Reputation: 2644
I would like to write R function
for coloring branches in dendrogram based on the given dendrogram object, specified number of clusters and vector of colors. I want to use base R
instead of dendextend
.
Using the exact code from this answer: https://stackoverflow.com/a/18036096/7064628 to similar question:
# Generate data
set.seed(12345)
desc.1 <- c(rnorm(10, 0, 1), rnorm(20, 10, 4))
desc.2 <- c(rnorm(5, 20, .5), rnorm(5, 5, 1.5), rnorm(20, 10, 2))
desc.3 <- c(rnorm(10, 3, .1), rnorm(15, 6, .2), rnorm(5, 5, .3))
data <- cbind(desc.1, desc.2, desc.3)
# Create dendrogram
d <- dist(data)
hc <- as.dendrogram(hclust(d))
# Function to color branches
colbranches <- function(n, col)
{
a <- attributes(n) # Find the attributes of current node
# Color edges with requested color
attr(n, "edgePar") <- c(a$edgePar, list(col=col, lwd=2))
n # Don't forget to return the node!
}
# Color the first sub-branch of the first branch in red,
# the second sub-branch in orange and the second branch in blue
hc[[1]][[1]] = dendrapply(hc[[1]][[1]], colbranches, "red")
hc[[1]][[2]] = dendrapply(hc[[1]][[2]], colbranches, "orange")
hc[[2]] = dendrapply(hc[[2]], colbranches, "blue")
# Plot
plot(hc)
In the code above, you have to manually select the branches to recolor them. I would like to have a function which finds k
highest branches and changes color for them (and all their sub-branches). So far I experimented with iteratively searching for the highest sub-branch, but it seems to be needlessly difficult. If there was a way to extract heights of all branches, find k
highest, and change the edgePar
for each of their sub-branches, would be awesome.
Upvotes: 0
Views: 636
Reputation: 1
Here is a function I wrote to make this sort of processing of dendrograms more straight forward in base R. Note that you can subset a dendrogram as a nested list by either repetitive subsetting, or by vector subsetting. So dend[[1]][[1]][[2]] is equivalent to dend[[c(1,1,2)]].
So, my solution here is to make a list of all possible vector indices for the dendrogram. You can then cycle through the elements of that list, so in this example I'm using that list with a vapply() to provide a vector of the heights of all subdendrograms including leaves.
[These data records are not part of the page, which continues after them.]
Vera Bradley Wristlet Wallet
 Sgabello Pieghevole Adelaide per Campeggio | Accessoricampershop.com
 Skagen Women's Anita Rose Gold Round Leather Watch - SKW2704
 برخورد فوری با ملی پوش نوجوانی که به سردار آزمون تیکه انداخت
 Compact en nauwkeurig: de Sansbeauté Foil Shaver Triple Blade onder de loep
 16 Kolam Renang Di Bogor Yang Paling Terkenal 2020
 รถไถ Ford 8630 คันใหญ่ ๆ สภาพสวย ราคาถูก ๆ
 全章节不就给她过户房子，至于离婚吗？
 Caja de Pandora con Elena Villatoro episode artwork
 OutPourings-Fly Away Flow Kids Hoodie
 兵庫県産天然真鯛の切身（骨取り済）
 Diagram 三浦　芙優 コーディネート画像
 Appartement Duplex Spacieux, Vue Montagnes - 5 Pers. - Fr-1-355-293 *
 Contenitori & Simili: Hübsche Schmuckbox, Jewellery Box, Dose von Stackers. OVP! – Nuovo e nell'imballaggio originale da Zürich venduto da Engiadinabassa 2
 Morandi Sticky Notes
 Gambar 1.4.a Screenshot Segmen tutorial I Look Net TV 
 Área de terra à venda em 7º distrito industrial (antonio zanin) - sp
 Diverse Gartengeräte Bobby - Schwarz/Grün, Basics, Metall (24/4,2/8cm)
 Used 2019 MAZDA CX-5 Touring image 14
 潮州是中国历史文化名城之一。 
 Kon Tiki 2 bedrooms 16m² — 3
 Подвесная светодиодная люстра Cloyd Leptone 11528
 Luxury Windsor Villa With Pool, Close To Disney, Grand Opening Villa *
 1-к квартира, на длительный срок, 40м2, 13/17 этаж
In the code below that function, I get the vector indices of the k highest branches (as you requested). Then I use your colbranches() function with dendrapply() to color the seven highest branches with seven colors.
dend_indices <- function(dend, leaves_only=TRUE) {
prev_layer <- lapply(1:length(dend), function(x) x)
next_layer <- Reduce(c, lapply(prev_layer, function(i) {
if (length(dend[[i]])>1) {
lapply(1:length(dend[[i]]), function(j) c(i, j))
}else{
list(i)
}
}))
layers <- unique(c(prev_layer, next_layer))
while(!identical(prev_layer, next_layer)) {
prev_layer <- data.table::copy(next_layer)
next_layer <- Reduce(c, lapply(prev_layer, function(i) {
if (length(dend[[i]])>1) {
lapply(1:length(dend[[i]]), function(j) c(i, j))
}else{
list(i)
}
}))
layers <- unique(c(layers, next_layer))
}
if (leaves_only) next_layer else layers
}
all_indices <- dend_indices(dend, leaves_only=FALSE)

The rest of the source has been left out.